Exercise prompt
Provide the number of lines below containing the word "California", without any other words.

Collected data entries
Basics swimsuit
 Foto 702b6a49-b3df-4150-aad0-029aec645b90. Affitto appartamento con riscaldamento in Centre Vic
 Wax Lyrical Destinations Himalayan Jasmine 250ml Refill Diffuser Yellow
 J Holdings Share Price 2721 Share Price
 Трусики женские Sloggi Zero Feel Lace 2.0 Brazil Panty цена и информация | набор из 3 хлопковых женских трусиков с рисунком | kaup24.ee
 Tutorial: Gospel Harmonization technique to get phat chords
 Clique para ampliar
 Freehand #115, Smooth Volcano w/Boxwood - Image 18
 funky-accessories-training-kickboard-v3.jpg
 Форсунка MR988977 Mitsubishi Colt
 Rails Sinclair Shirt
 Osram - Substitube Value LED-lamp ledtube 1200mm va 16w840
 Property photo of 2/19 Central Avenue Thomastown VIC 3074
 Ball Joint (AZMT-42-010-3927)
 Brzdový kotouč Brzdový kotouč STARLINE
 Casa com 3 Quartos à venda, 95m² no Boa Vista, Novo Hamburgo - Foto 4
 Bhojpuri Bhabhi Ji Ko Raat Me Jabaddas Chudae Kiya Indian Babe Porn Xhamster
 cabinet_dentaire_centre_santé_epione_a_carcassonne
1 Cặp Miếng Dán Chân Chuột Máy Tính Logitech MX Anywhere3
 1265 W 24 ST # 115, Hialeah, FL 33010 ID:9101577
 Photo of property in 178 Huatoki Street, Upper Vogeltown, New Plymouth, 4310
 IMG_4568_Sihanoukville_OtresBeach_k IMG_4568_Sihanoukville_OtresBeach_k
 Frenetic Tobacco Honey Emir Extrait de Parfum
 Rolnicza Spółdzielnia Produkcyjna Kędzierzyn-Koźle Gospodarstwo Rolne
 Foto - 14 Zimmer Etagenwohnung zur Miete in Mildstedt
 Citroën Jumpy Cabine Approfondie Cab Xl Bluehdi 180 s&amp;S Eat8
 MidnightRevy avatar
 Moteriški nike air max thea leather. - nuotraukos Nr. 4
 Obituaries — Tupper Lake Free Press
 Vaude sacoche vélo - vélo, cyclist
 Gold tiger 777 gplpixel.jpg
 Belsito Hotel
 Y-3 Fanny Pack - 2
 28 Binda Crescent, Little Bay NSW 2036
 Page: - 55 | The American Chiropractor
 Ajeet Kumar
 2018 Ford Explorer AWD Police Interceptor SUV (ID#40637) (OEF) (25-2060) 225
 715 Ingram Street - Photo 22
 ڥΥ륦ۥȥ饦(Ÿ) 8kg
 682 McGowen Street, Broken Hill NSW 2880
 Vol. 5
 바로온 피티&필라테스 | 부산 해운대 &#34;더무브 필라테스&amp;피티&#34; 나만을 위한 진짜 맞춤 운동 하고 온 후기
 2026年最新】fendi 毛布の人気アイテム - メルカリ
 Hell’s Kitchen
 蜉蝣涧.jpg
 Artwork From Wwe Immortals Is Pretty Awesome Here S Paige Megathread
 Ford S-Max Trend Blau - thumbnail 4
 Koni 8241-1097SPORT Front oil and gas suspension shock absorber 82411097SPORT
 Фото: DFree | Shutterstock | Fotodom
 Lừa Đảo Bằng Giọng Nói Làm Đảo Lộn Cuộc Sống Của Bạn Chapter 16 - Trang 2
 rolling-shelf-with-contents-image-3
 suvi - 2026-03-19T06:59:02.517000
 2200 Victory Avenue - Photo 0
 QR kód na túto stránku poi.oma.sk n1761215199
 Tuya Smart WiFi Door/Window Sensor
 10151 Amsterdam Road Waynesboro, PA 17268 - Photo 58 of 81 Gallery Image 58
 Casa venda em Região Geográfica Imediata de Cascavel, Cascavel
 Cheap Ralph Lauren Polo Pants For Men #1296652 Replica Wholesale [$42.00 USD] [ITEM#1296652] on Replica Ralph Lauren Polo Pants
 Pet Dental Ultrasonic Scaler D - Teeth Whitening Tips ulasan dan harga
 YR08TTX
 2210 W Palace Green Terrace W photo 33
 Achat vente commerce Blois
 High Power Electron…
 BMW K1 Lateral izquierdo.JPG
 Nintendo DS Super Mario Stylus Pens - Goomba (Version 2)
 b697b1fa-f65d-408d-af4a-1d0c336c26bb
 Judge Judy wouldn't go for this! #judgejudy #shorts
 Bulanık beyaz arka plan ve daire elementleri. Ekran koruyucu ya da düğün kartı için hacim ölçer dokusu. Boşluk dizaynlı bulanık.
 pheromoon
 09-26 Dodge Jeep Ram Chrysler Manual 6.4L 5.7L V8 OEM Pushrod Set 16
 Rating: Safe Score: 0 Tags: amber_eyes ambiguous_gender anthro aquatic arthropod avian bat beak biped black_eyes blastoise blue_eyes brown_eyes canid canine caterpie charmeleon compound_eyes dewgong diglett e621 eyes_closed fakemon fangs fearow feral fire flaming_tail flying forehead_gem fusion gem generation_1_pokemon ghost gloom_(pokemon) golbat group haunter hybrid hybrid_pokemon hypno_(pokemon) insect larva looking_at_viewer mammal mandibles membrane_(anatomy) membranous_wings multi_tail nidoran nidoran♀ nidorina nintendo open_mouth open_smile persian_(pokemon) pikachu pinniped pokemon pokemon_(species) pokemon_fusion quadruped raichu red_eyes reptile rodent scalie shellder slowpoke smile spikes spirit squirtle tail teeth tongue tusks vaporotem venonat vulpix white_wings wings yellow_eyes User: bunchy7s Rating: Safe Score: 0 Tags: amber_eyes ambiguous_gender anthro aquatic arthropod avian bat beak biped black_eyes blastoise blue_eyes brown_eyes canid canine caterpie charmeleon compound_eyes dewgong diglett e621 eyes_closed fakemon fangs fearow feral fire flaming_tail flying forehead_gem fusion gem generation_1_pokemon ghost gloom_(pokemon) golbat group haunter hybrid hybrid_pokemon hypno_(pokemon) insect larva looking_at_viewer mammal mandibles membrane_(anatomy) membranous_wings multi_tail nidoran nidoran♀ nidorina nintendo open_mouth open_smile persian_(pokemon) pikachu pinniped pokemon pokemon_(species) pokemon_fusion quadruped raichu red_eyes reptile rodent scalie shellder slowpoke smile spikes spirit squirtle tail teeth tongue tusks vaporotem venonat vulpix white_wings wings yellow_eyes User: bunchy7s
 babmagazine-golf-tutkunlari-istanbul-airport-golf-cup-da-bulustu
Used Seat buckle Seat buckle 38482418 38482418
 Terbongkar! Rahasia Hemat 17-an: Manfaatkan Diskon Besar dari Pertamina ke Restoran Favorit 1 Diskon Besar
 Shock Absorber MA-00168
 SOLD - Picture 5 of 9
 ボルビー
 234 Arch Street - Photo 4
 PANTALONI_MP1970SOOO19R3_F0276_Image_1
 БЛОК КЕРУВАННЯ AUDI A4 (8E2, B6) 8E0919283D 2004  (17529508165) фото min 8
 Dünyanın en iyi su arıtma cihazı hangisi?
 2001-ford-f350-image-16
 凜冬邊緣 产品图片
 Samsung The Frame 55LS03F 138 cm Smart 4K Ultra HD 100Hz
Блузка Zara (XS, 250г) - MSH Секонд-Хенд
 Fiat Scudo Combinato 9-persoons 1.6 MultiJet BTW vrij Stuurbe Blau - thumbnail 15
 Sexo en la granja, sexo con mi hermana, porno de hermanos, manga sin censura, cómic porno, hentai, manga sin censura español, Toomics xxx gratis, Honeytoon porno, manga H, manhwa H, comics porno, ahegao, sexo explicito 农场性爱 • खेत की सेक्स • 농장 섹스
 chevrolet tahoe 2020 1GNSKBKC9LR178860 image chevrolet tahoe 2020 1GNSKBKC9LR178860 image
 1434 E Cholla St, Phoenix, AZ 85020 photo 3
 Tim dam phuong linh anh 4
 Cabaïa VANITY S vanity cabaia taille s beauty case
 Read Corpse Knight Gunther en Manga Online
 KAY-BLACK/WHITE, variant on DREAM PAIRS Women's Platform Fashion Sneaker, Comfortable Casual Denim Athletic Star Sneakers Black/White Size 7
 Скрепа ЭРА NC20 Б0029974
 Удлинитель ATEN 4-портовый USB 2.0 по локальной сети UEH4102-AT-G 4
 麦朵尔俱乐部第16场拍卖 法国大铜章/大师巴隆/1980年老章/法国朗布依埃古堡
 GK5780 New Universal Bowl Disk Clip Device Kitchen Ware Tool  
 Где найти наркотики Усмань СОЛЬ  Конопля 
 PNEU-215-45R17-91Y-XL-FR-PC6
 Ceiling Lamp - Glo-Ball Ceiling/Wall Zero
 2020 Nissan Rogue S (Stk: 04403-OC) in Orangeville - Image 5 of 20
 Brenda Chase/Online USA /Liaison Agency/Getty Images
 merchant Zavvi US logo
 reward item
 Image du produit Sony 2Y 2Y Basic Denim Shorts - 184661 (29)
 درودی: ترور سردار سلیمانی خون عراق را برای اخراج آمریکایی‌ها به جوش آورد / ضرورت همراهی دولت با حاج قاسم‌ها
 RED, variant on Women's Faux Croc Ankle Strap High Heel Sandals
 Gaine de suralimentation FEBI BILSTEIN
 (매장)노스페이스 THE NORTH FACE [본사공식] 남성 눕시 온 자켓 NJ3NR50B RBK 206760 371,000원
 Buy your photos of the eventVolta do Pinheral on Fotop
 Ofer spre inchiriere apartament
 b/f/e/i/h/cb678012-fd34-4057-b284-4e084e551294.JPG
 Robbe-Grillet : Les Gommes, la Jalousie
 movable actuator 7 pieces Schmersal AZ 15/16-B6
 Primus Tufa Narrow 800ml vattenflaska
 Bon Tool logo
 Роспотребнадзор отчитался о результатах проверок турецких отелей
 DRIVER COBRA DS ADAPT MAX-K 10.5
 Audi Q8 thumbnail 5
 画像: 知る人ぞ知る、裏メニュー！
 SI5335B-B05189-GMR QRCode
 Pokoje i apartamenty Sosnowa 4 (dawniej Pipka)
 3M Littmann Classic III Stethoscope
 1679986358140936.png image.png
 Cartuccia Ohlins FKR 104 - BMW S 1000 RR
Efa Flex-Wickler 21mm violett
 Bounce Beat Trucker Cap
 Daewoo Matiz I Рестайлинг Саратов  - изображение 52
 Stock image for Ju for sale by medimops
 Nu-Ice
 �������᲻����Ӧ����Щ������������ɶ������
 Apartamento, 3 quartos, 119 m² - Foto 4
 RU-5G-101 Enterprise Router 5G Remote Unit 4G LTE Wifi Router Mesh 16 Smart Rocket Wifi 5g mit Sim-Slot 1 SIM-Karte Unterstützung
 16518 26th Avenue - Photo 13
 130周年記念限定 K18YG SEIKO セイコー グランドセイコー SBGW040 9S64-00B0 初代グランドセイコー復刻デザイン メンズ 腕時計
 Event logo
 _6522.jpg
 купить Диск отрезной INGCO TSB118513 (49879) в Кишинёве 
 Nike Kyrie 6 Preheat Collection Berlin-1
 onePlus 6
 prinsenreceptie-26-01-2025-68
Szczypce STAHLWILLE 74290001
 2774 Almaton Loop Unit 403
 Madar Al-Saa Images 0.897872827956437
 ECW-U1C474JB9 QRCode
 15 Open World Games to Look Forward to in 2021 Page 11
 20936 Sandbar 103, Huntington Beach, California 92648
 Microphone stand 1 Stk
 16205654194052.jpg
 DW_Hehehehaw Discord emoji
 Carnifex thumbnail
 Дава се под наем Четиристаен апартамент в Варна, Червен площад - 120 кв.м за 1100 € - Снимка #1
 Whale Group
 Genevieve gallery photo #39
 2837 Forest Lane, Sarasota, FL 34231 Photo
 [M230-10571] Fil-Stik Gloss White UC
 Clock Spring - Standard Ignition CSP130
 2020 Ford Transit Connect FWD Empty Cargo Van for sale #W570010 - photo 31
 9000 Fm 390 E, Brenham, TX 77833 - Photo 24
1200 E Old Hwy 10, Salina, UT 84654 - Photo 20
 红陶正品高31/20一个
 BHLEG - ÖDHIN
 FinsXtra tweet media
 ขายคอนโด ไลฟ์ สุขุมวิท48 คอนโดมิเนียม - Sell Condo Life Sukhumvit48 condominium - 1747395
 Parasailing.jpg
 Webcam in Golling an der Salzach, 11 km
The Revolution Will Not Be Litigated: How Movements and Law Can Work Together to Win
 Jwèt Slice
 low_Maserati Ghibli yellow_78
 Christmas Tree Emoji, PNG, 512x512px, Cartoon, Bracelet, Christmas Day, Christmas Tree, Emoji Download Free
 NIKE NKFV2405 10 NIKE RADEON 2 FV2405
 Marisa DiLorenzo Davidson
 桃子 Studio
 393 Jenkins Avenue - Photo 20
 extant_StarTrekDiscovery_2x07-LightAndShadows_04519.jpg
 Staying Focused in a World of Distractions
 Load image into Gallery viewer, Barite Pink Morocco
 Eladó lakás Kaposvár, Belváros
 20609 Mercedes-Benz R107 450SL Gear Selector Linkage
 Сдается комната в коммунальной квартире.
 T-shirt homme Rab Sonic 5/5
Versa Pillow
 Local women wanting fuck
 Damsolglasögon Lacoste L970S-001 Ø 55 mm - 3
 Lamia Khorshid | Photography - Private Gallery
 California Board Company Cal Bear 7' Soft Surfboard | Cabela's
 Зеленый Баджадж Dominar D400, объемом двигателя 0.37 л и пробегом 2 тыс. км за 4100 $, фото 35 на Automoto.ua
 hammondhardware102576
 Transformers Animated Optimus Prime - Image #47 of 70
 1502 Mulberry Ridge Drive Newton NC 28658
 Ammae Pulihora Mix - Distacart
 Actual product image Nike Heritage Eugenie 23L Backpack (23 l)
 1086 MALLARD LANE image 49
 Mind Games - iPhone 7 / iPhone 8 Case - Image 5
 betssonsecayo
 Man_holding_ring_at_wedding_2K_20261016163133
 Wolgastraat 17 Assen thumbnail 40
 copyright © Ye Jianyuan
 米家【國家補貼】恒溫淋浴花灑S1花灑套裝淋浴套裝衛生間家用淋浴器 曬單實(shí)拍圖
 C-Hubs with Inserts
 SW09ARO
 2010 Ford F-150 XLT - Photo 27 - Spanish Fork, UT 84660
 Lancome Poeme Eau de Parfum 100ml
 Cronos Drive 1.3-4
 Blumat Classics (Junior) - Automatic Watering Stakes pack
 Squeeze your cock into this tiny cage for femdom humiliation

Completed exercise
2